## Collected material
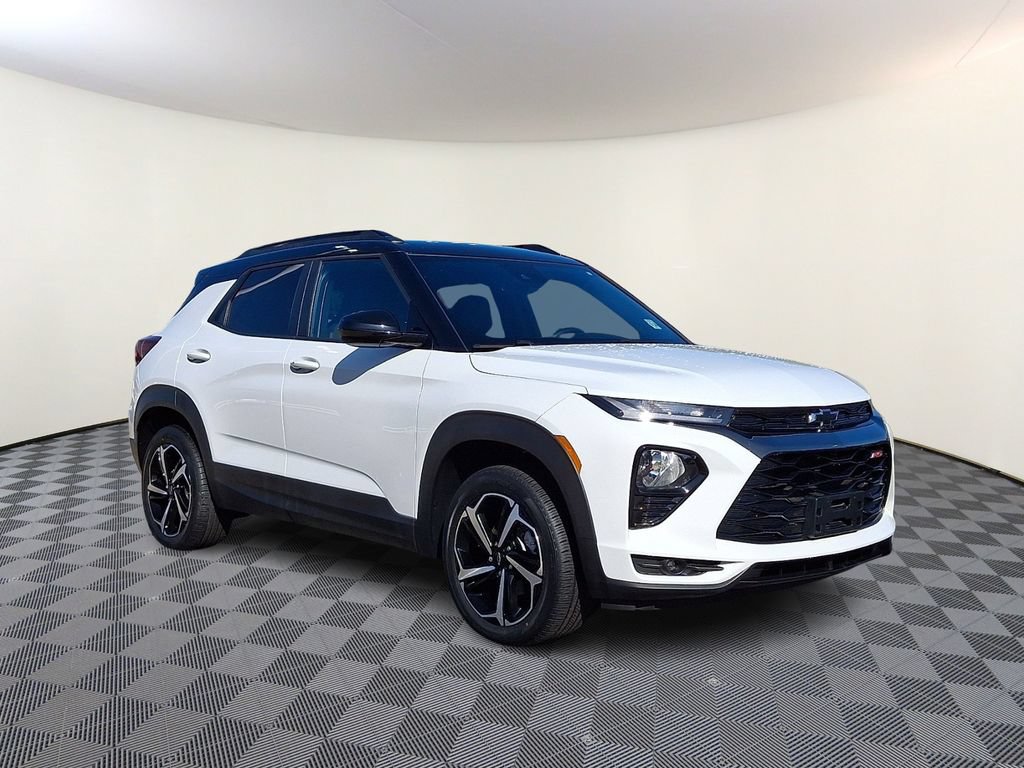 Certified 2023 Chevrolet TrailBlazer RS w/ Convenience Package AWD/4WD image 1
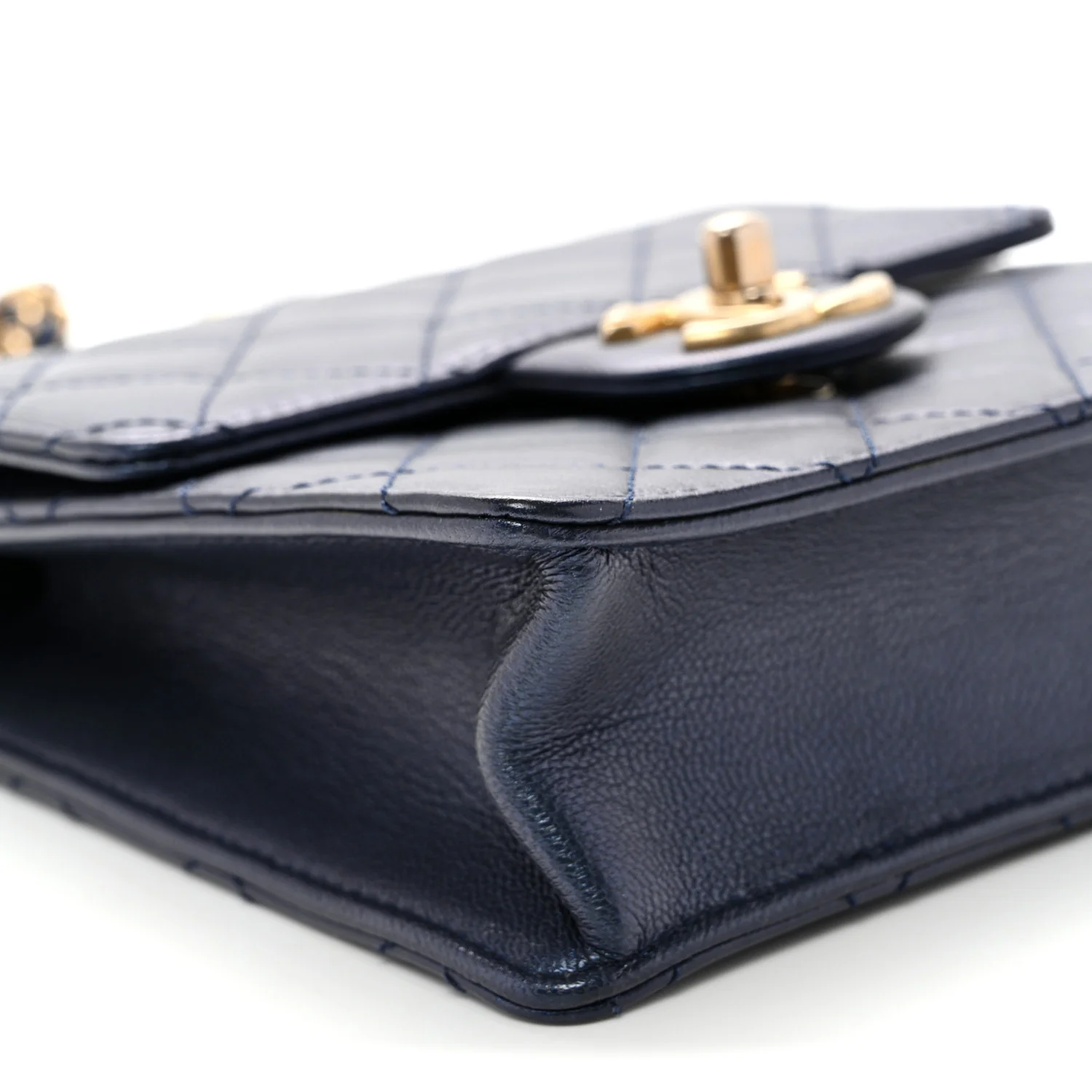 Iridescent Lambskin Quilted Chic Pearls Flap Navy Blue - Top Club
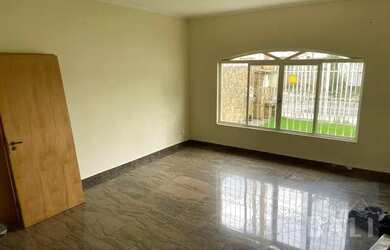 Imagem: A casa possui 4 Dormitórios, 2 Banheiros, 3 Vagas na garagem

## Prompt
Repeat the listing above word for word and leave its images out.

## Response
 Certified 2023 Chevrolet TrailBlazer RS w/ Convenience Package AWD/4WD image 1
 Iridescent Lambskin Quilted Chic Pearls Flap Navy Blue - Top Club
 Imagem: A casa possui 4 Dormitórios, 2 Banheiros, 3 Vagas na garagem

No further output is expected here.